• DESCRIPTION OF THE TASK: Could the data below be printed out exactly, with the pictures left out?

• SUPPLIED DATA:
BEGIN
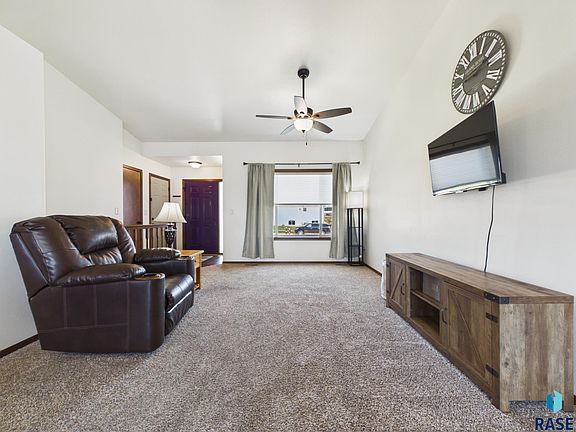 4th image of 6209 N Seubert Ave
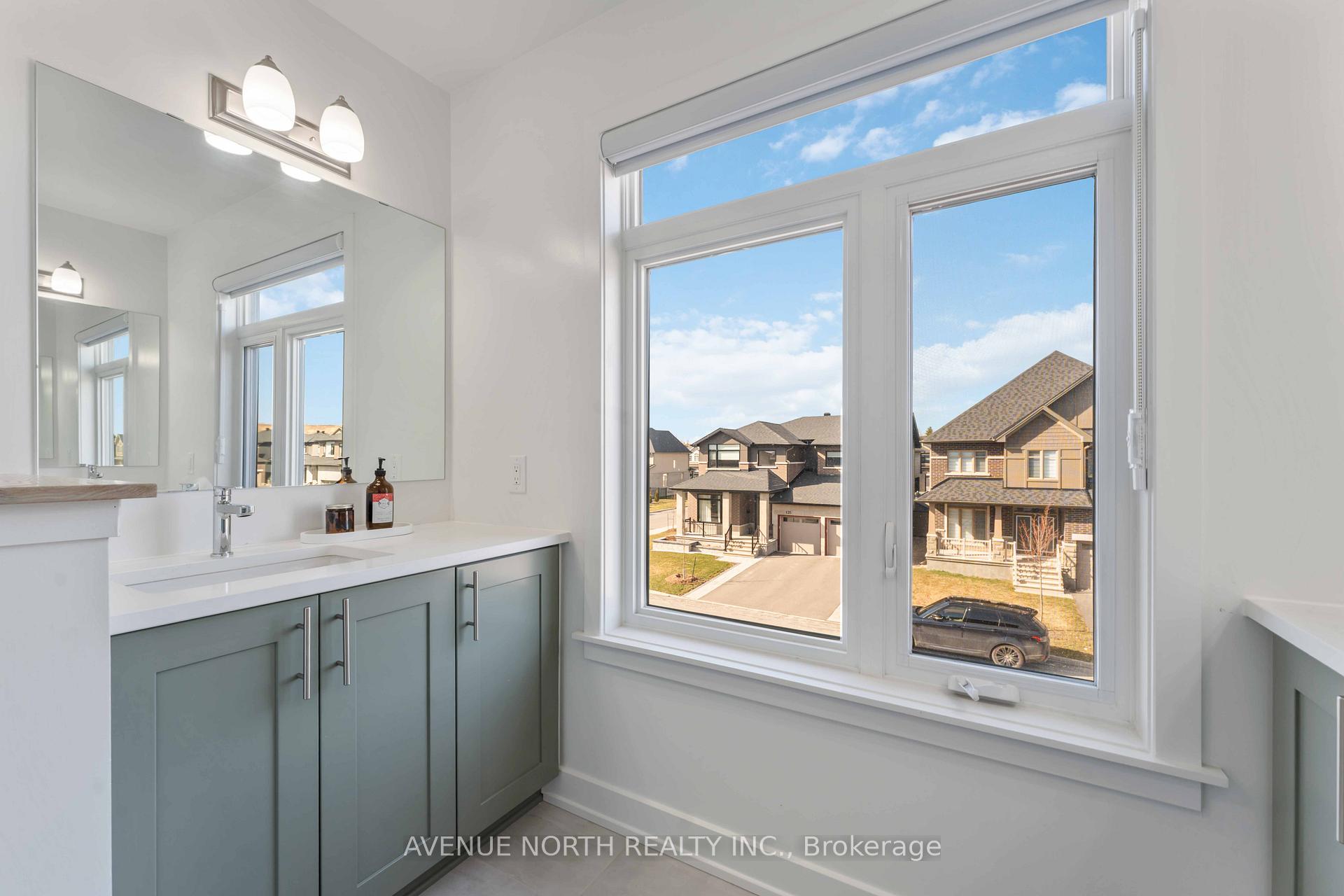 Photo 30 of 136 Winterhaven Drive, Ottawa, Mer Bleue/Bradley Estates/Anderson Park — HOMEH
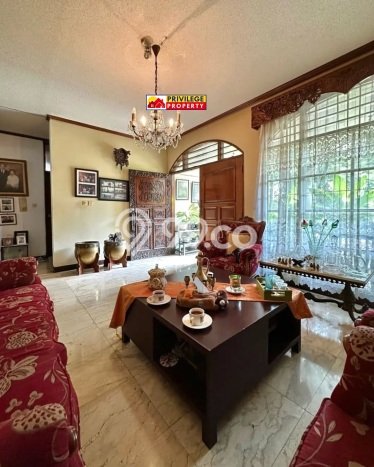 Rumah Luxury Modern Tanpa Renovasi di Pondok Indah Jakarta Selatan Rumah Luxury Modern Tanpa Renovasi di Pondok Indah Jakarta Selatan
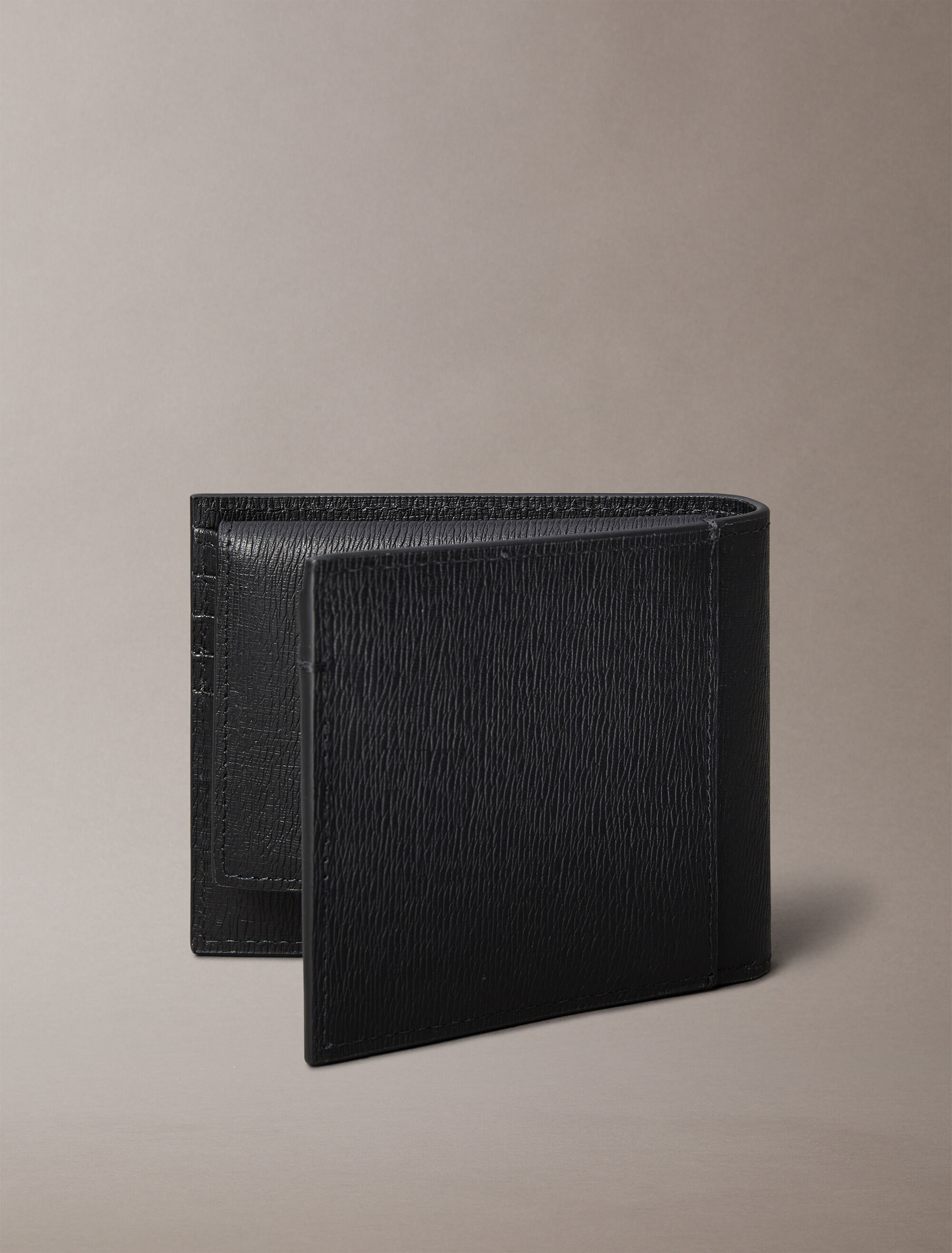 Saffiano Leather Bifold Wallet with Coin Pouch | black | Calvin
END
• OUTPUT BELOW:
 4th image of 6209 N Seubert Ave
 Photo 30 of 136 Winterhaven Drive, Ottawa, Mer Bleue/Bradley Estates/Anderson Park — HOMEH
 Rumah Luxury Modern Tanpa Renovasi di Pondok Indah Jakarta Selatan Rumah Luxury Modern Tanpa Renovasi di Pondok Indah Jakarta Selatan
 Saffiano Leather Bifold Wallet with Coin Pouch | black | Calvin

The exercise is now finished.